:: MATERIAL PROVIDED

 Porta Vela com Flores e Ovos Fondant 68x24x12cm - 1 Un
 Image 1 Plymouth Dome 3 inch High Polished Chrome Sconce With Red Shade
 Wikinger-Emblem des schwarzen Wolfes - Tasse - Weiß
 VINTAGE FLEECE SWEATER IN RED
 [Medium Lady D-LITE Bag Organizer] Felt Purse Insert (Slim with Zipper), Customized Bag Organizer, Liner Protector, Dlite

::::
:: MATERIAL PROVIDED

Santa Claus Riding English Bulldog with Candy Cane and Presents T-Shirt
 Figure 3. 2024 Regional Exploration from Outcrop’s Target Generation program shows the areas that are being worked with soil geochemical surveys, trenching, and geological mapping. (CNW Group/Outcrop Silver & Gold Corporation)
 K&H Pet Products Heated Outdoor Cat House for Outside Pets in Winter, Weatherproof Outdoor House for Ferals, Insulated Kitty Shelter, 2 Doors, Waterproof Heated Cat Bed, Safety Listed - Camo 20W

::::

◆ TASK PROMPT: Write out exactly the lines above between the line with "Porta Vela com" and the line with "VINTAGE FLEECE SWEATER IN RED", inclusive, and nothing beyond them.

◆ YOUR RESPONSE:
 Porta Vela com Flores e Ovos Fondant 68x24x12cm - 1 Un
 Image 1 Plymouth Dome 3 inch High Polished Chrome Sconce With Red Shade
 Wikinger-Emblem des schwarzen Wolfes - Tasse - Weiß
 VINTAGE FLEECE SWEATER IN RED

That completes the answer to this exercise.